Network elements such as VPN concentrators, central network egress equipment such as proxies, DLP etc, central internet bandwidth, backhaul MPLS circuits, NAT capability and so on are suddenly put under enormous strain due to the load of the entire business using them, with the end result being poor performance and productivity coupled with a poor user experience for those users forced to adapt to working from home.
A simple diagram of a traditional network model can be seen below, where remote user’s connectivity is forced in and back out of the corporate network to reach critical resources as well as branch offices using MPLS circuits to reach the services offered at head office. It is an incredibly common network model for businesses around the world, but it was designed to be effective for a pre-cloud world.
This model made perfect sense and worked very well when the bulk of applications, data and services resided within the corporate network (the dotted line in the diagram), but as enterprises shift to the cloud, it rapidly becomes a cumbersome environment which doesn’t scale well or provide the organization with any agility to react to situations such as that we face today. Many customers report to Microsoft that they have seen a very rapid shift of network traffic which used to be contained within the corpnet now almost exclusively connecting to some external cloud-based source.
Fortunately, Microsoft has been working closely with customers and the wider industry for many years to provide effective, modern solutions to these problems from within our own services, and also aligned to industry best practice. Solutions that apply very simply and effectively to remote workers as much as they do to branch offices. Microsoft has designed the connectivity requirements for the Office 365 service to work efficiently for remote users whilst still allowing an organization to maintain security and control over their connectivity.
Below we will outline the simple steps an organization can take to drastically reduce the impact Office 365 traffic has on the traditional corporate infrastructure when we have a large percentage of users working remotely all at once. The solution will also have a significant impact on user performance and also provide the benefit of freeing up the corporate resources for elements which still have to rely on it.
Most remote users who are not using a virtualized desktop will use a VPN solution of some sort to route all connectivity back into the corporate environment where it is then routed out to Office 365, often through an on premises security stack which is generally designed for web browsing.

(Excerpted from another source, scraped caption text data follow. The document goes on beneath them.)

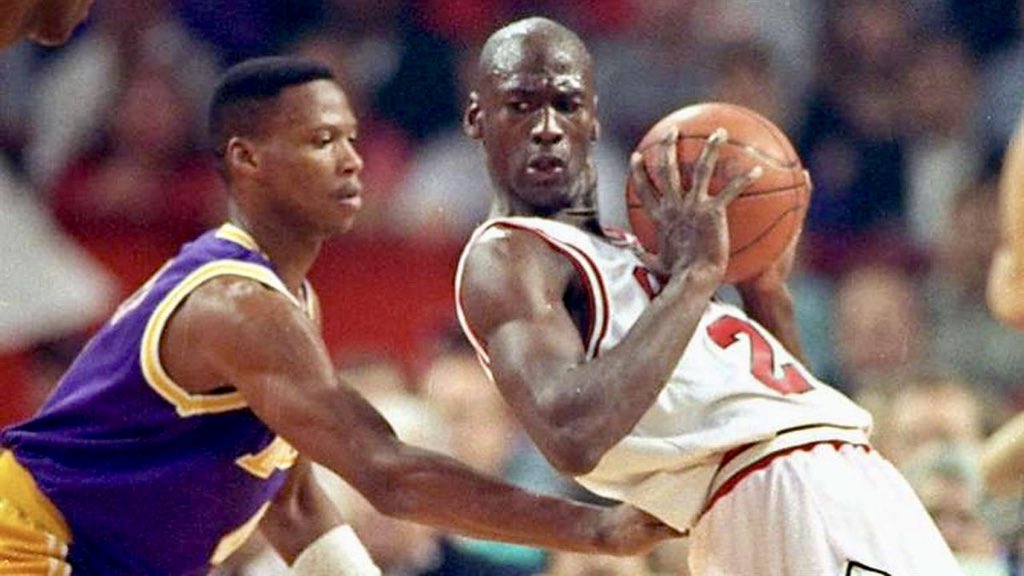 You know what time it is! Can’t tell you how many times me and this guy went at it 👊🏽 Caption this and let’s see what ya got! #byronscott #michaeljordan #WayBackWednesdays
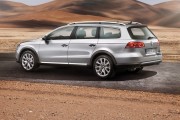 VW Passat Alltrack 1 180x120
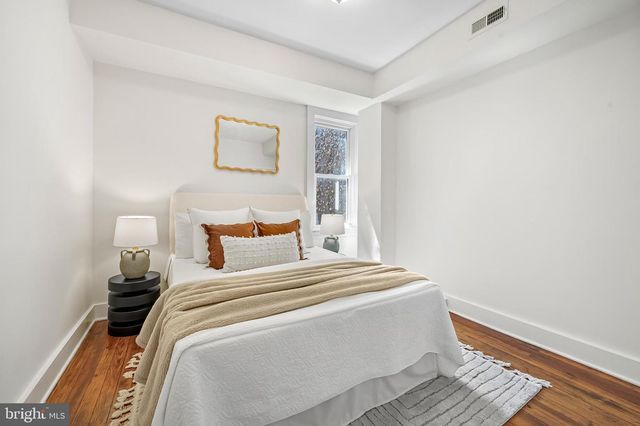 517 E 35TH ST, Baltimore, MD 21218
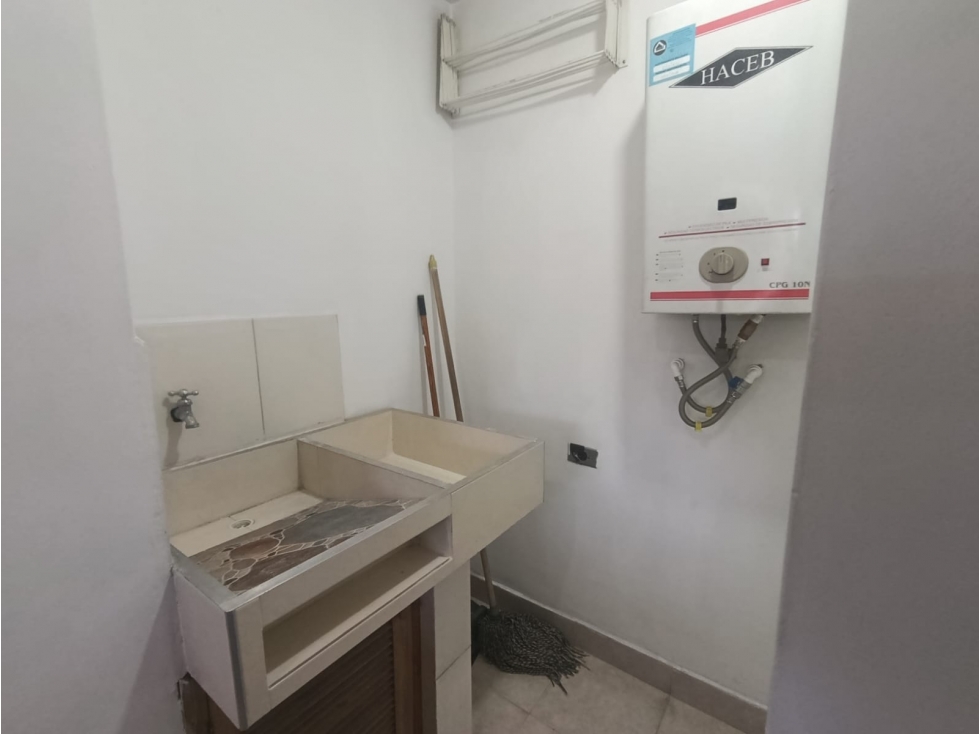 Apartaestudio en venta en El velodromo, Medellín 4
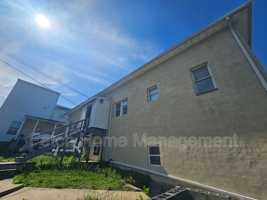 featured image of 3 N Main St #2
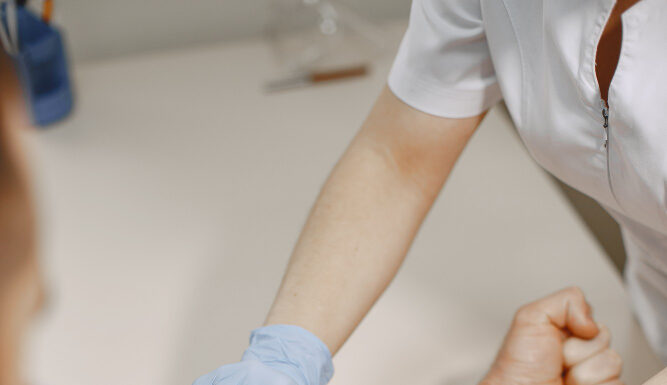 Лечение заболеваний крови: патологии, связанные с ее недостаточной свертываемостью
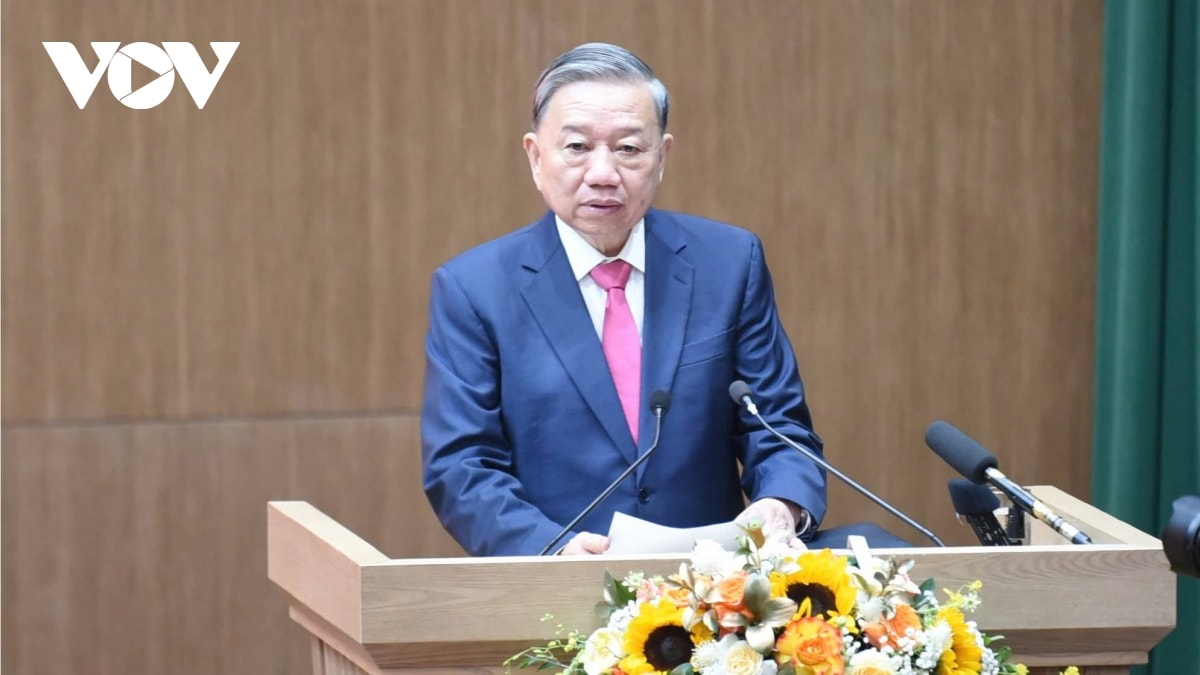 tổng bí thư tô lâm yêu cầu lực lượng công an đi đầu trong học tập và làm theo bác hình ảnh 1 tong bi thu to lam yeu cau luc luong cong an di dau trong hoc tap va lam theo bac hinh anh 1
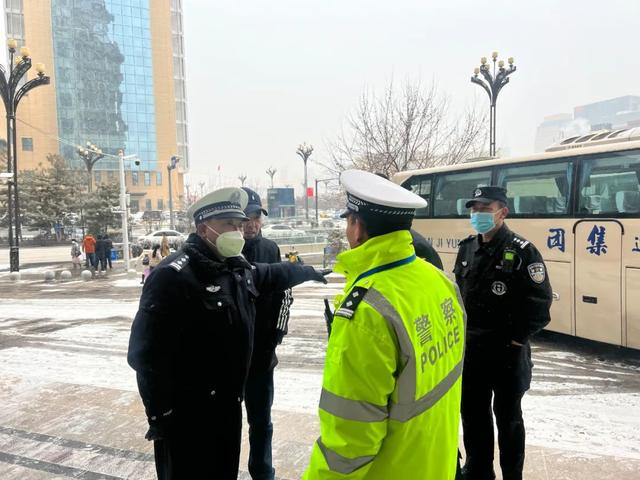 西宁交警雪天执勤保畅通 展现亮丽“雪警”休闲区蓝鸢梦想 - Www.slyday.coM 西宁交警雪天执勤保畅通 展现亮丽“雪警”休闲区蓝鸢梦想 - Www.slyday.coM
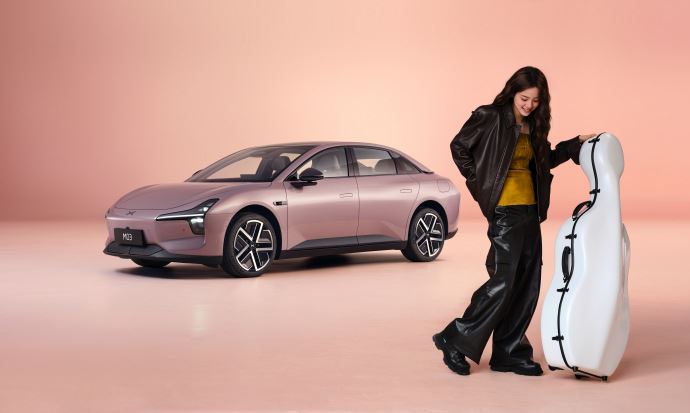 歐陽娜娜人生中的第一台車曝光。（圖／翻攝自微博）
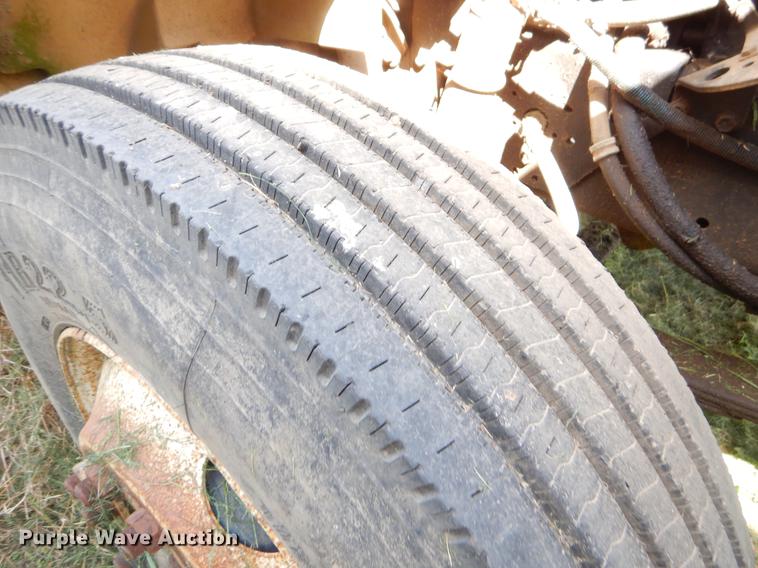 image for item EO9541 1990 International 4900 truck cab and chassis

The key to this solution is separating out the critical Office 365 traffic which is both latency sensitive and that which also puts enormous load on the traditional network architecture. We then treat this traffic differently and use the user’s local internet connection to route the connectivity directly to the service. To do this we need to follow a simple set of actions:
1. Identify the endpoints we need to Optimize
Microsoft has already identified these endpoints and marks them very clearly for reference. In the URL/IP list for the service these endpoints are marked as “Optimize”. There are just four URLS which need to be optimized and nineteen IP subnets. In just this small group of endpoints we can account for around 80% of the volume of traffic to the service and it also includes the latency sensitive endpoints such as those for Teams media. Essentially this is the traffic that we need to take special care of and is also the traffic which will put incredible pressure on traditional network paths.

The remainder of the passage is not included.